The Neiman Marcus Group LLC has agreed to a $1.5 million settlement with 43 states and the District of Columbia over a 2013 data breach of customer payment card information.
Neiman Marcus will put in place measures to prevent breaches in the future, such as complying with Payment Card Industry Data Security Standard requirements, having a system to collect and monitor its network activity, and updating software that maintains and safeguards personal information, according to a statement by South Carolina Attorney General Alan Wilson (R). The company also must have a third party conduct an information security assessment and report, under the settlement.
“Consumers are entitled to have their privacy protected and safeguards against fraud not compromised,” Wilson said in his statement. “The message to these companies is: protect your customers.”

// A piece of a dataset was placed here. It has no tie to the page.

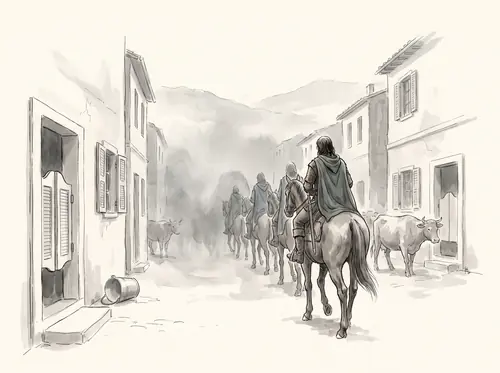 Aragorn sets out from Erech with the Dead behind him, rides through Lamedon and comes to Calembel on Ciril at sunset.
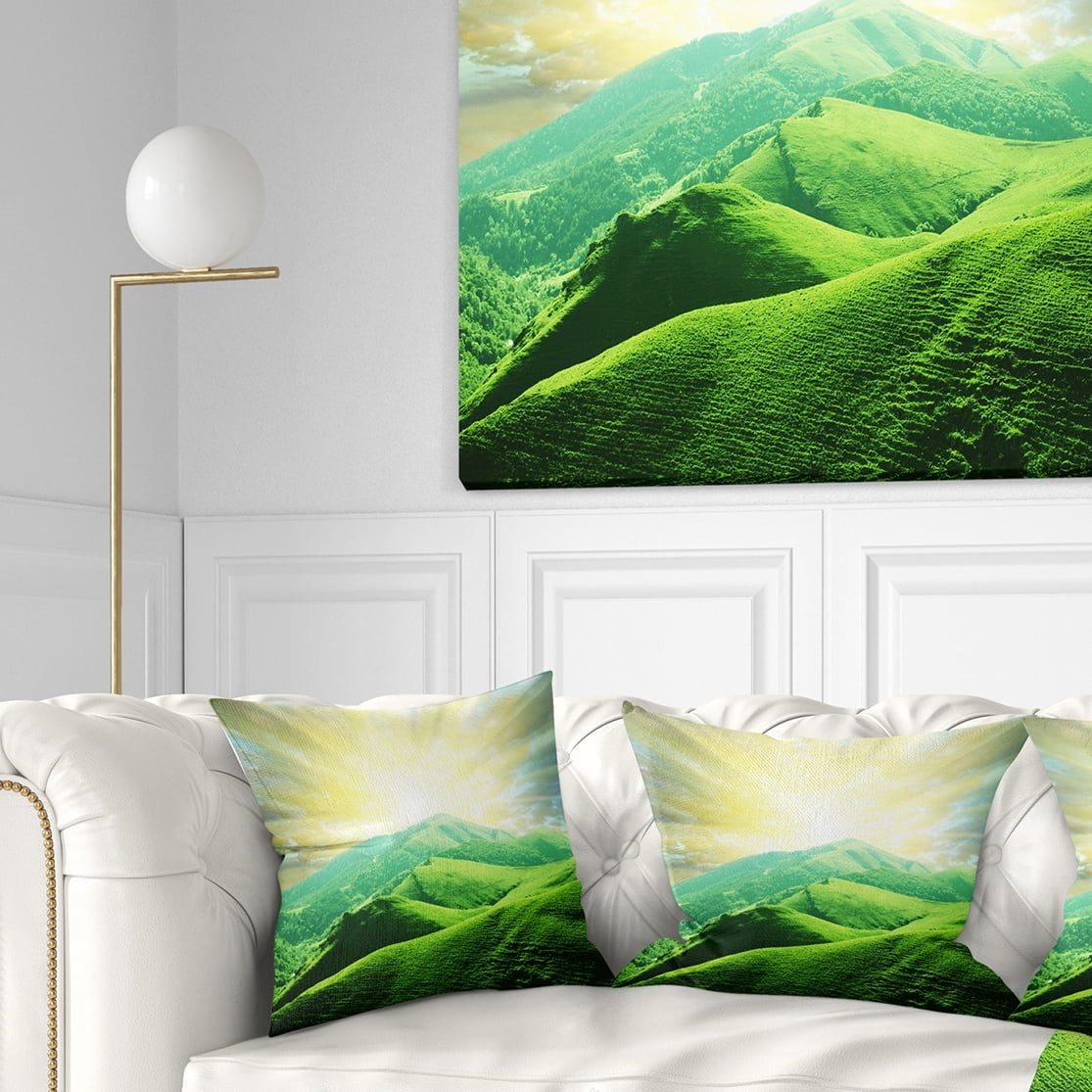 Designart Green Mountains under Sun - Landscape Printed Throw Pillow - 18x18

Companies are facing intensifying pressure from state regulators over corporate data handling practices. Uber Technologies Inc. agreed to pay $148 million to settle data breach claims in a multi-state settlement in September 2018. Twelve state attorneys general banded together in December 2018 to sue two medical IT companies for alleged poor security practices.
Neiman Marcus is “pleased this matter is now resolved,” the company said in a statement provided to Bloomberg Law.
New York, Massachusetts, Connecticut, Georgia, and Iowa are among the states that joined the Neiman Marcus settlement.
Neiman Marcus in 2014 disclosed that a third party had compromised payment card data collected at 77 of its stores. An investigation by the states found that about 370,000 payment cards were compromised and at least 9,200 were used fraudulently, according to Wilson’s statement.